» **AIM OF THE EXERCISE**
The expected output is an exact copy of the lines from the one containing "VikiiStoun's cam snapshot" to the final line below, minus any pictures.

» **RECORDS PROVIDED**
★ ★ ★ ★ ★ ★ ★

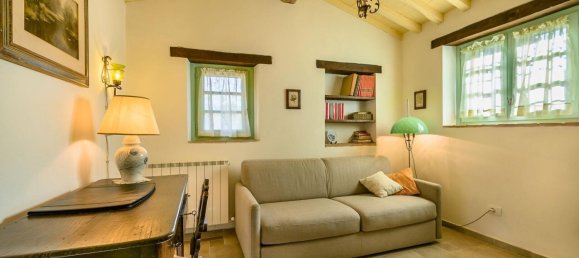 6 Schlafzimmer Haus in Città della Pieve, Italy, Nr. 57175 30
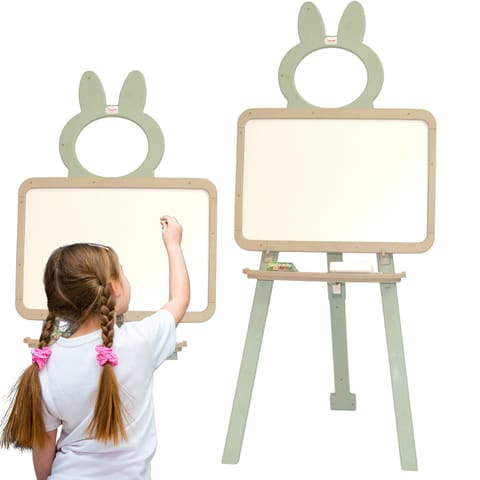 ⁨Magnetic board ECO 013777/01eco DOLONI⁩ at Wasserman.eu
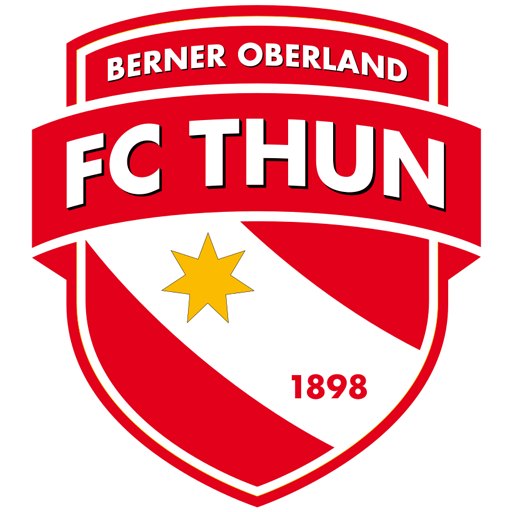 Logo Thun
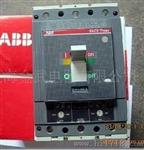 ABB T型低压塑壳漏电断路器T2N160vigi/3P T3N T4N T5N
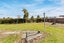 28 Abbott Street, Pareora - Carousel 16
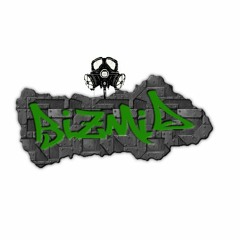 Bizmid
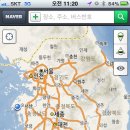 한국전력공사 태안지점 이미지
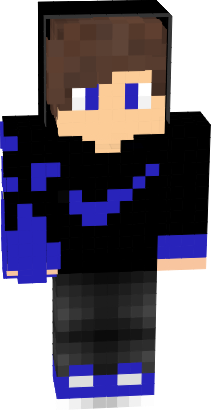 Preview of texture: ati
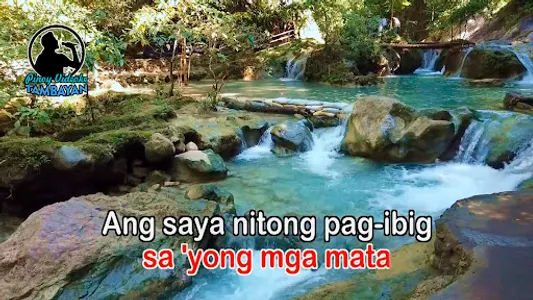 Tivi Karaoke screenshot 7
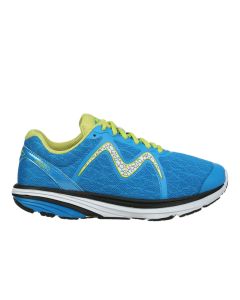 Mbt outlet store clearance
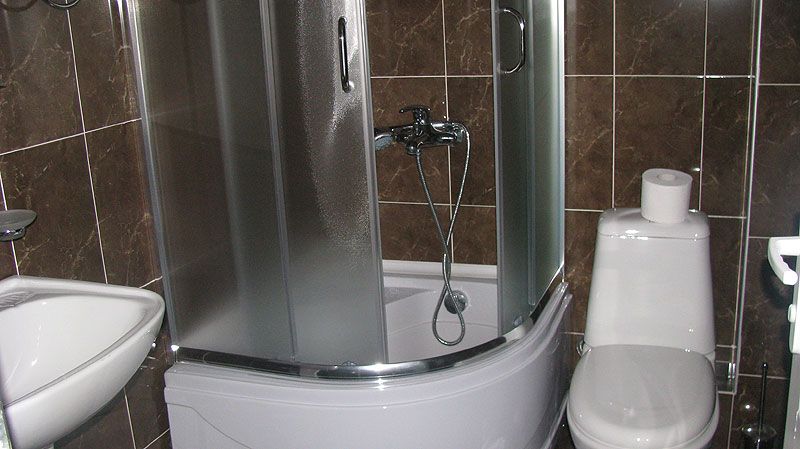 ძველით ახალი წელი მესტიაში(შაბათი-კვირა-კვებით )იჩქარეთ ადგილები ივსება ^_^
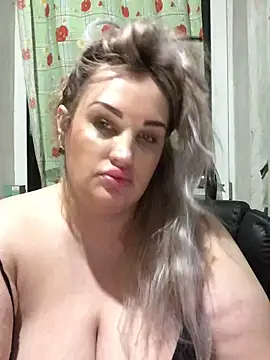 VikiiStoun's cam snapshot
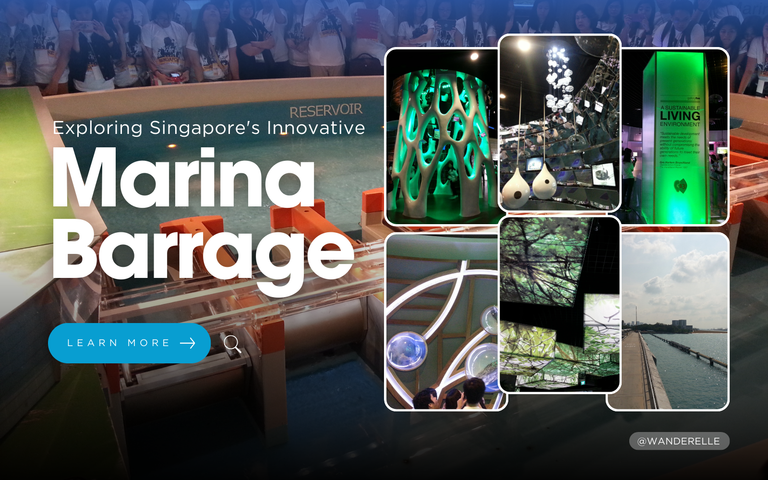 0.  Cover - Marina Barrage 2.png
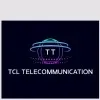TCL telecommunication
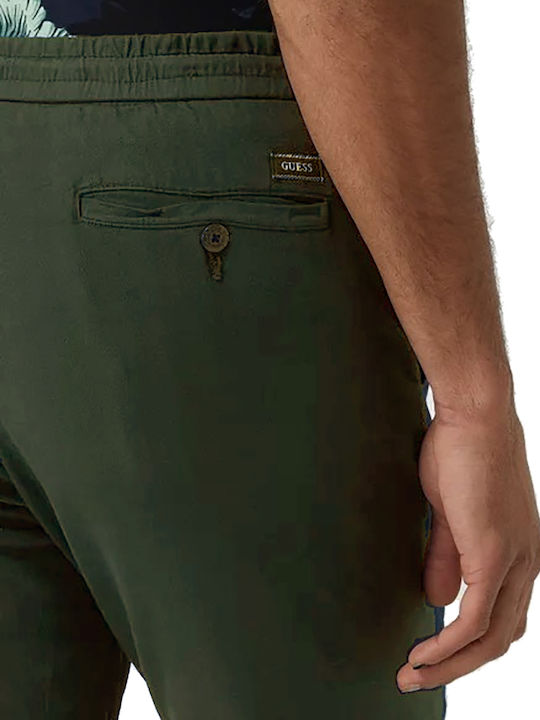 Guess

★ ★ ★ ★ ★ ★ ★

» **SOLUTION FOR THIS TASK**
 VikiiStoun's cam snapshot
 0.  Cover - Marina Barrage 2.png
TCL telecommunication
 Guess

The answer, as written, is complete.